1493, on the other hand, seems to suffer from the success of the first.

We'll start with the title, which seems to imply that 1493 will be what 1491 was: a comprehensive look at the Americas in that pivotal year, only instead of taking a snapshot immediately before Columbus' arrival, we'll look at immediately after. Unfortunately, this isn't really the case; 1493 is about what Mann calls "the Columbian Exchange", by which he means the fact that people, animals, plants, insects, microorganisms, etc. were ferried all over the world by travelers (like, but not limited to, Columbus) into new ecosystems, where they wrought serious changes to the local ecology and economy.

This isn't a bad thesis, and certainly there are a number of interesting facts here, but it means we're talking about a globe-spanning topic with millions of individual unique examples, without any single narrative to really tie things firmly and interestingly together. Perhaps the book would have worked better if it were limited to the Americas, as 1491 had been, and just looked at what the Europeans introduced into the American ecosystem -- and possibly a look at what the Europeans brought back from America with them. That would have been a more cohesive narrative, I think, than trying to tie the African slave trade in the 1700s in with a look at the effects of sweet potatoes on Communist China in the 1900s.

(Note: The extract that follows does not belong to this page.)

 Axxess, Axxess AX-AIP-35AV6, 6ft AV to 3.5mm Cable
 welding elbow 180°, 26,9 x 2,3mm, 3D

Even if you're willing to stick with the narrative wherever it takes you -- and without being bored sometimes at the ratio of encyclopedic facts to engaging narrative -- there's additionally a huge tonal shift between this book and its predecessor, and for me at least this was a serious obstacle. 1491 had a very respectful tone, and was very self-aware of its own shortcomings. Mann open acknowledged that he was something of a dilettante historian, and that he was only stepping forward with his book in order to fill a literary gap that he felt needed filling. There were troubling untruths being told in service to the Columbus myth and he felt that the record needed to be set straight on certain issues.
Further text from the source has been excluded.